* _Problem statement_:
Transcribe all the lines below exactly. Omit the pictures.

* _Data section_:
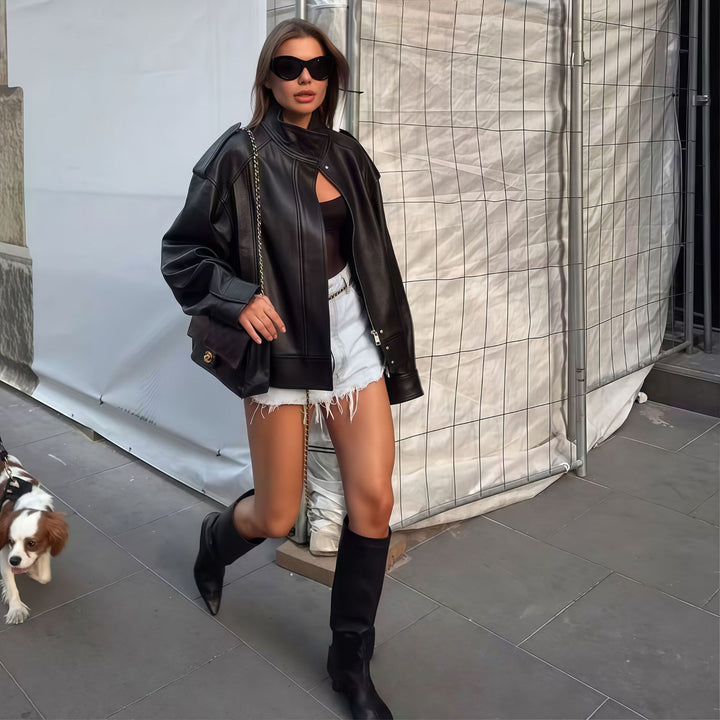 Damer elegant oversized läderjacka med hög krage och praktiska fickor Eva Jonsson-Eva Jonsson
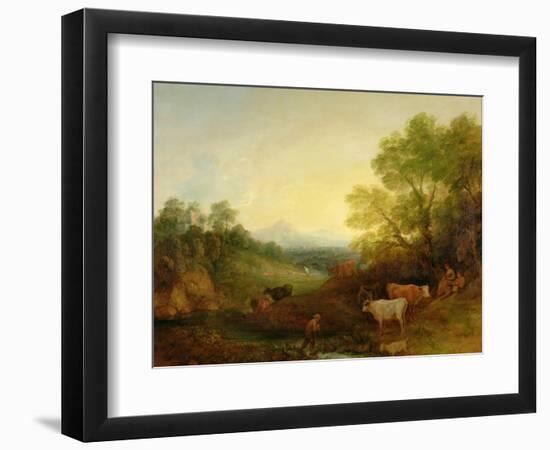 A Landscape with Cattle and Figures by a Stream and a Distant Bridge, c.1772-4-Thomas Gainsborough-Framed Giclee Print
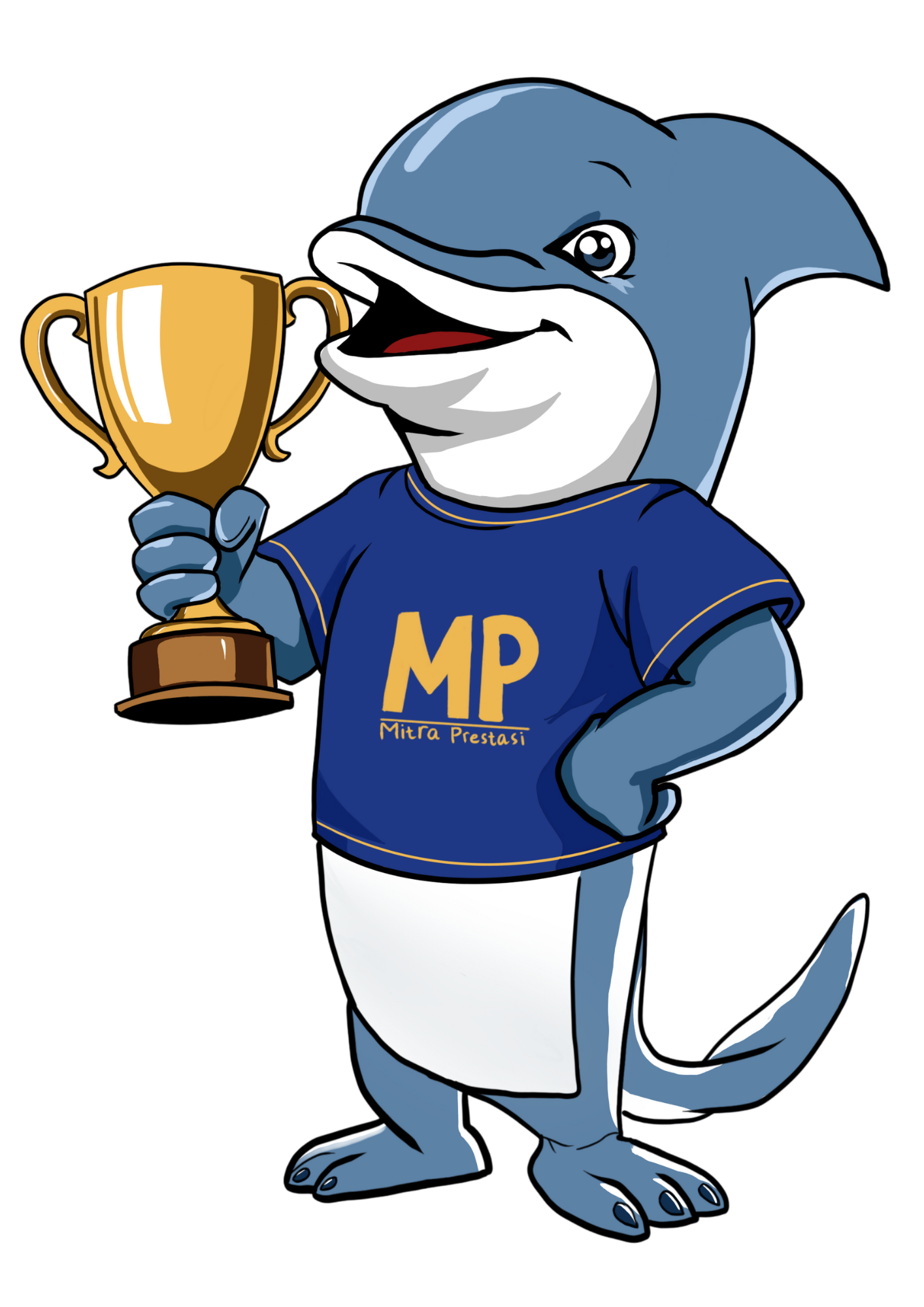 Maskot Mitra Prestasi Memegang Piala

* _Solution for this task_:
 Damer elegant oversized läderjacka med hög krage och praktiska fickor Eva Jonsson-Eva Jonsson
 A Landscape with Cattle and Figures by a Stream and a Distant Bridge, c.1772-4-Thomas Gainsborough-Framed Giclee Print
 Maskot Mitra Prestasi Memegang Piala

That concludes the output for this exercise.